Well, again, you say he could easily ignore making those investments, but I’d imagine that’s easier said than done when Marcelo actual Bielsa hasn’t signed his contract and is demanding a new path for the Thorp Arch lawnmowers. But credit where it’s due! Although of course there’s more to be done, because while it’s nice to sign a Firpo, what if we could sign players costing a lot more?

“I think that the most important coaches [in] world football would value what this club [has] in terms of organisation, structure and the public. Obviously I don’t ignore that there’s another step to be able to [afford to sign] these players who triple in value, that Leeds can obtain. And I understand that this type of power, we have to consider it and take [it] into account, because I insist that the powerful clubs are not there for no reason.”

— and, if I’m understanding Bielsa correctly here, Leeds should be a powerful club for the same reasons as they are. Bielsa talked a bit about the progression of the team:

“…the development of a style of play is not the only aspect that allows the growth of a team. [You also] have to maintain the enthusiasm, the ambition and desire to grow, [and] take on board the expectations that have been generated from the public.”

And when I mentioned above about Bielsa’s understanding of our progress from melon farm to football power, this is what I meant:

“There’s a very special moment in the development of a team, when [the fans’] recognition of what happened before disappears, and the demand for what’s next increases.”

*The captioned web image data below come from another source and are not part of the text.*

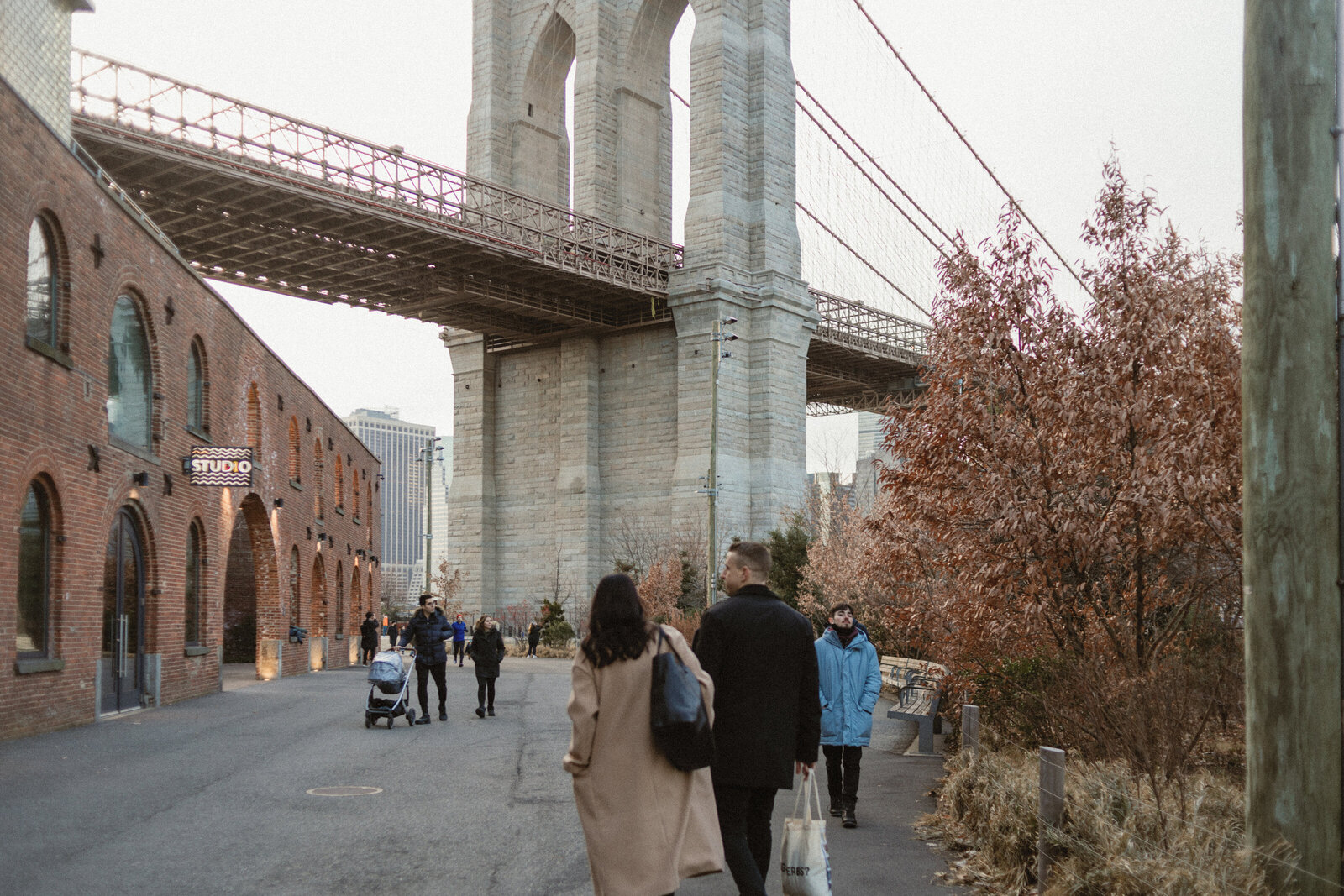 NYC Based Wedding Photographer Engagement Session at Brooklyn Bridge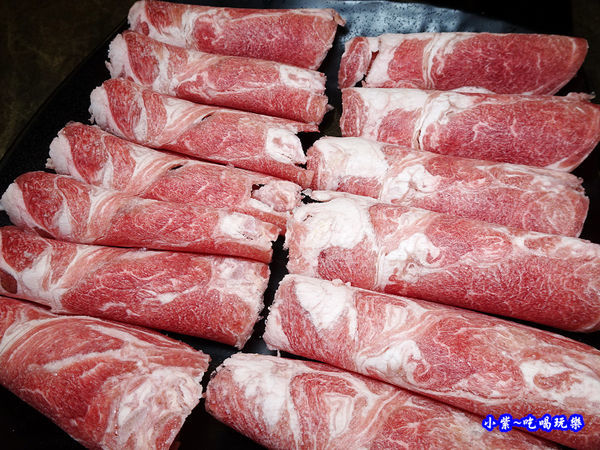 小羔羊肉-食鮮日式火鍋吃到飽 (1).jpg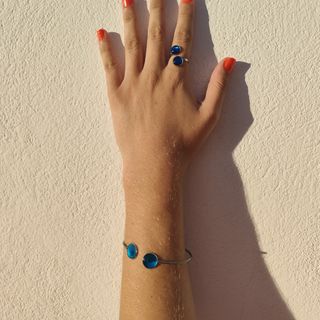 Anillo de 2 bolas resina azul y acero plateado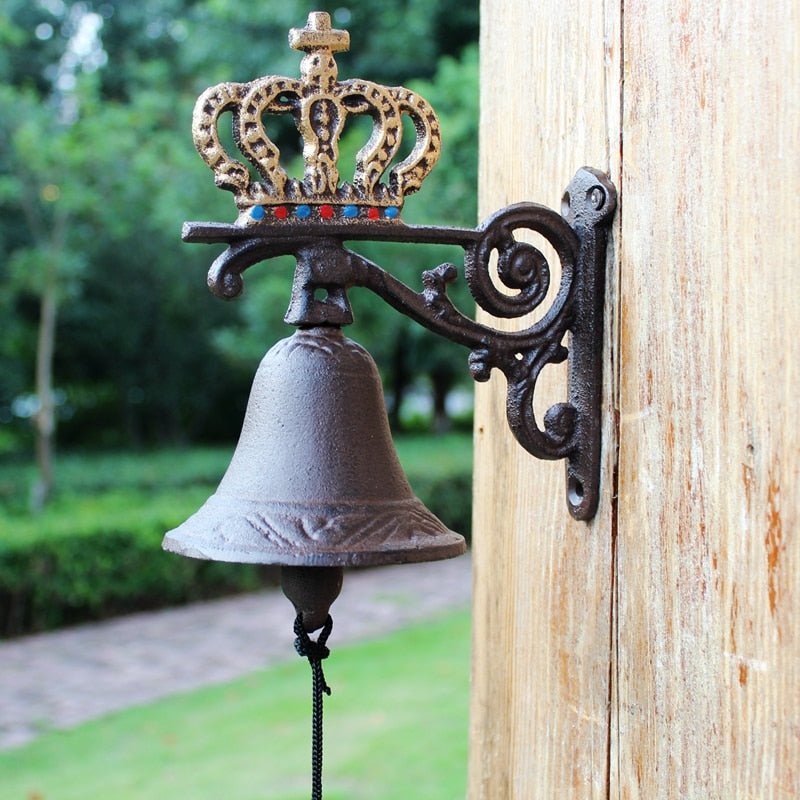 Doorbell with cast iron plate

And that moment is, perhaps, not yet? Or it depends on how much of the Championship, League One and the Championship again you endured? Because, as this blog post shows, it can still be hard to talk about anything Leeds United do now without thinking of drained pools, draining Cellino, sump Steve Evans. The recognition is there whenever I close my eyes and see us 4-0 down at half-time in Brighton. It is fading, though, disappearing as Bielsa suggests it will as the team develops, and for younger or newer fans it was never in their thoughts in the first place, so by adding their voices those upward demands — Europe, £50m transfers, trophies — are becoming more dominant.

With a training ground to match, and a stadium full of — hmm, do I dare say positivity? We’ve only had a few fans inside Elland Road since promotion, and they were consumed by sadness as they waved goodbye to past heroes Pablo Hernandez and Gaetano Berardi. We’ll have no choice but to reprise the sadness at the Everton fixture, remembering all the players and friends we’ve lost since we were last all at home. This season is, really, Leeds United’s first Premier League season for real, and Bielsa is glad about supporters being back in the stadium. They are different from casual Premier League television viewers because they feed the passions, not the bank acccount:

“That segment of the public, in football, is irreplaceable. You can find people anywhere in the world who want to see a Premier League game. But there aren’t five million people who suffer when Leeds lose or get excited beyond belief. The heart of football is the genuine fans of Leeds United. And the spectators [from] the [wider] world are what sustains the business. But those who suffer, or get excited beyond belief for the results, [they are] what football is.”

And what is Marcelo Bielsa, at Leeds United? He was asked about the club’s place in his heart now; second at best to Newell’s Old Boys, of course, but…?

“There are answers I would like to give when I no longer work here. But [while] working inside the institution, you run the risk that the answers are demagogue [he means making noise to attract attention] and they are interpreted as [trying to be] capturing the sympathy of the fans [imagine everything Steve Evans ever said or did at Leeds, that’s what Bielsa is saying he doesn’t want to do]. I think that when you stop belonging to an institution, that’s the moment to refer yourself to the feelings that have led you to this place.”

I very much want to hear Marcelo Bielsa talk about the feelings that have led him to this place, a word I’m interpreting emotionally as well as geographically. But I don’t want him to stop belonging to our institution. Ever. So it’s going to stay confusing, isn’t it? Even though deep down we’re sure. And hopefully everything will be like that for a very long time.